───── Input for this task ─────

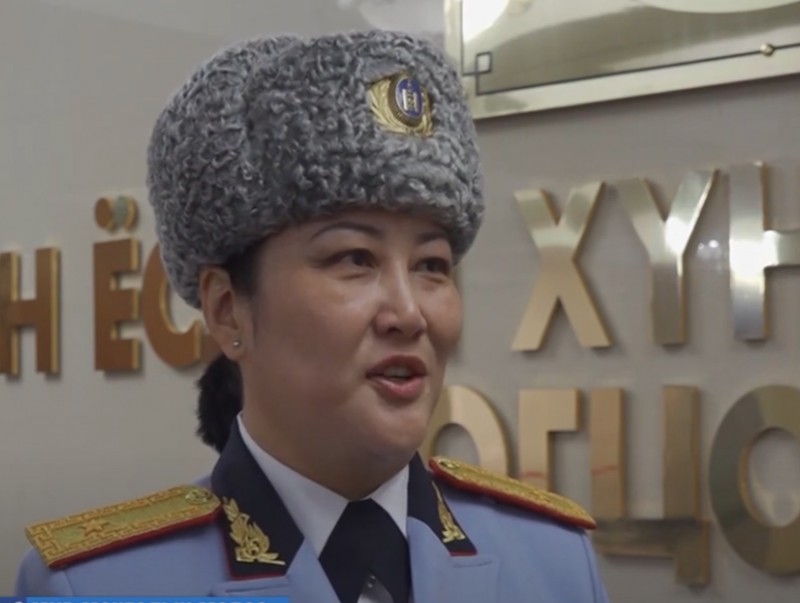 Г.Болор: Байлдагчийн халаасанд генералын мөрдөс бий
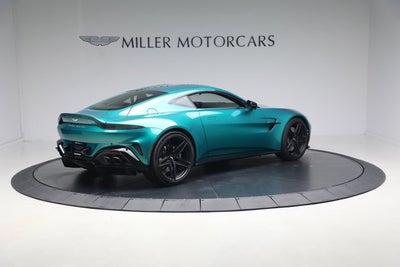 2025 Aston Martin Vantage Base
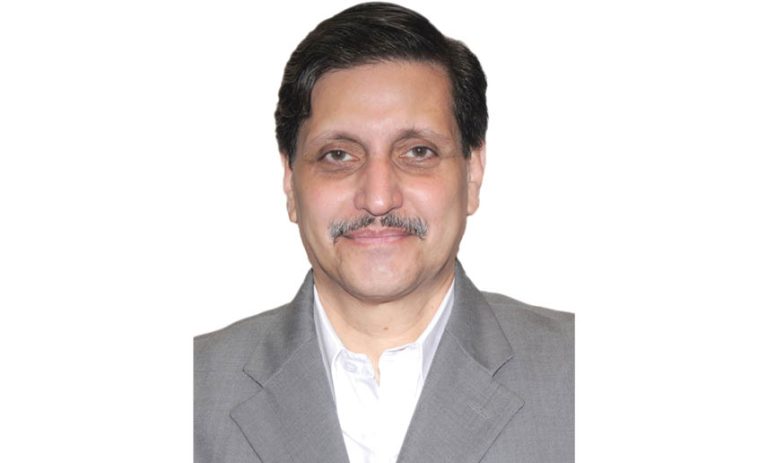 The Community Pays Homage To Yazdi Desai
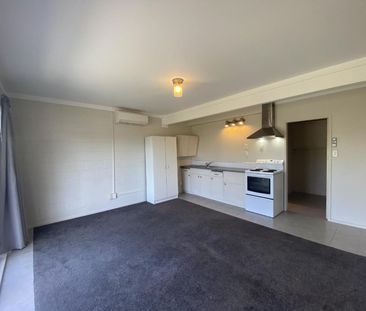 Coastal Living - Short Walk to Matakatia Bay Beach - Photo 1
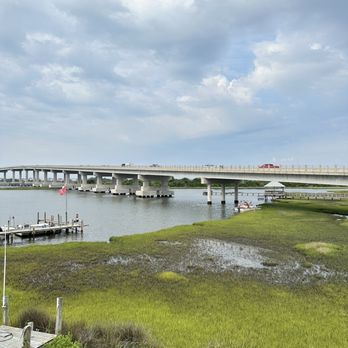 Diver Surfside Cafe - Coffee & Tea Near Me - Surf City, North Carolina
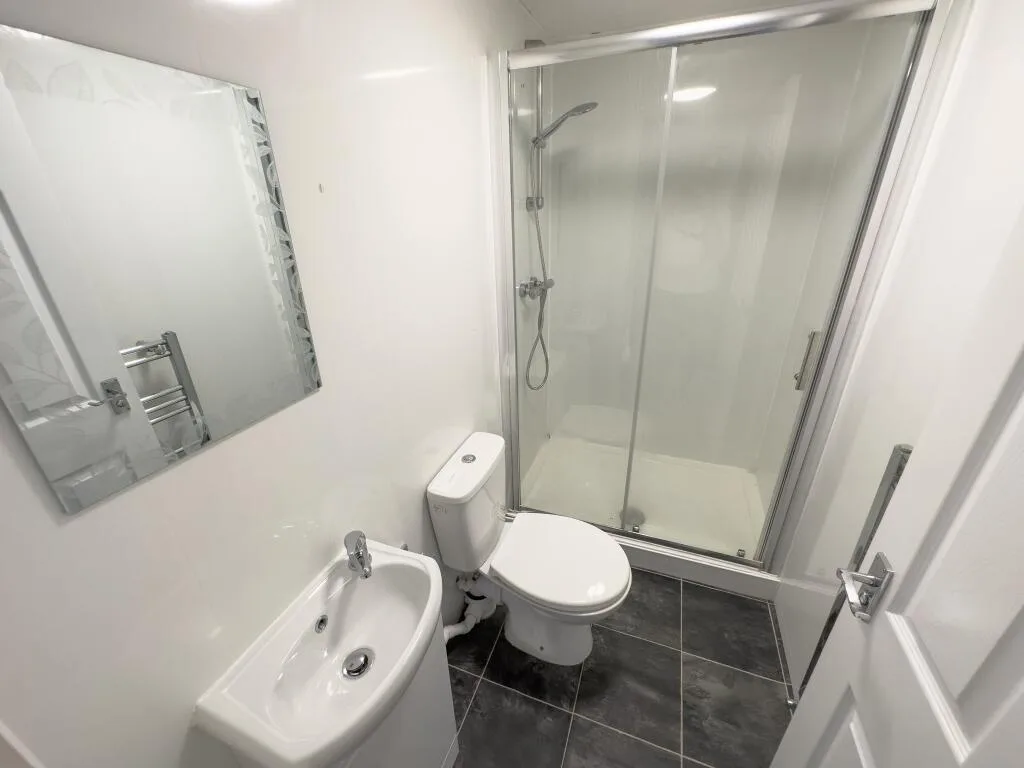6 bedroom terraced house for rent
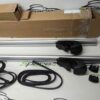 PXL_20250409_161554949_scaled-1.jpg Bagażnik dachowy bazowy belki poprzeczki Amazon Basics 132cm B083T53K3P na otwarte relingi.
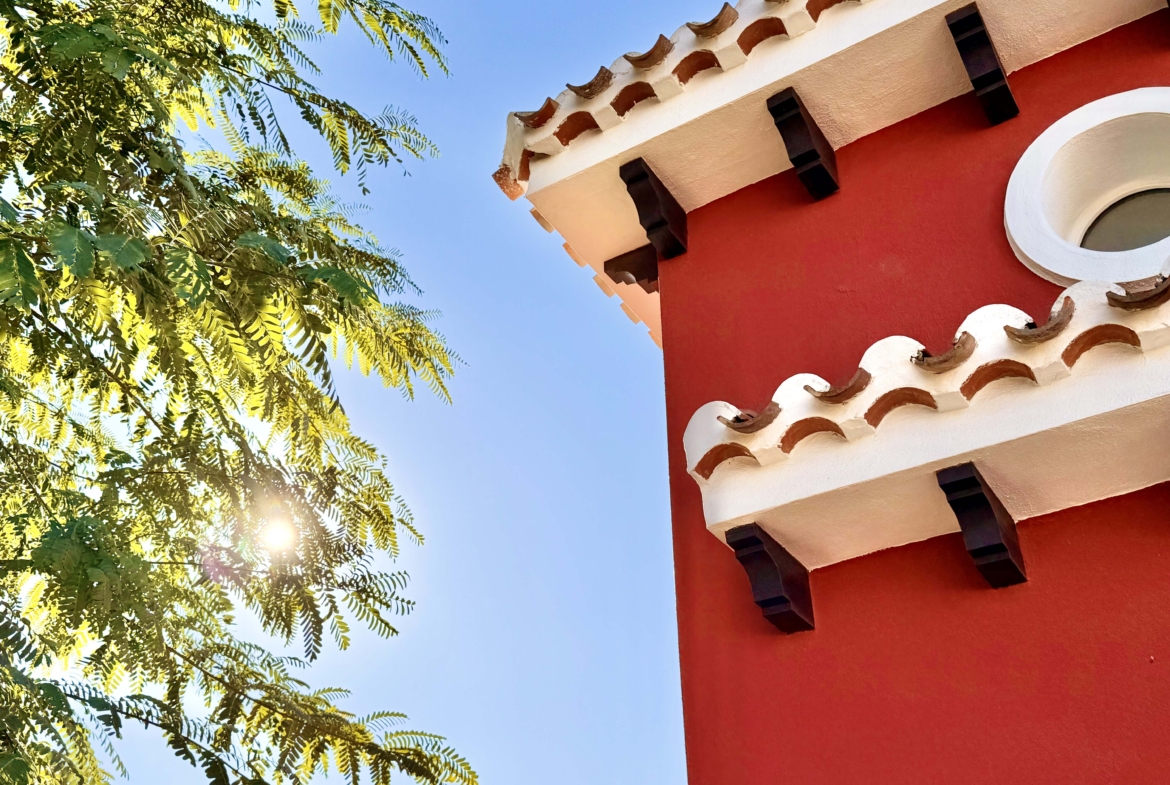 Front view of the Isla Grosa villa on a corner plot at Mar Menor Golf Resort.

─────

Everything from the line containing "2025 Aston Martin Vantage Base" to the final line of the listing above, both ends included, should be transcribed word for word, except for the pictures.

**Exercise result:**
 2025 Aston Martin Vantage Base
 The Community Pays Homage To Yazdi Desai
 Coastal Living - Short Walk to Matakatia Bay Beach - Photo 1
 Diver Surfside Cafe - Coffee & Tea Near Me - Surf City, North Carolina
6 bedroom terraced house for rent
 PXL_20250409_161554949_scaled-1.jpg Bagażnik dachowy bazowy belki poprzeczki Amazon Basics 132cm B083T53K3P na otwarte relingi.
 Front view of the Isla Grosa villa on a corner plot at Mar Menor Golf Resort.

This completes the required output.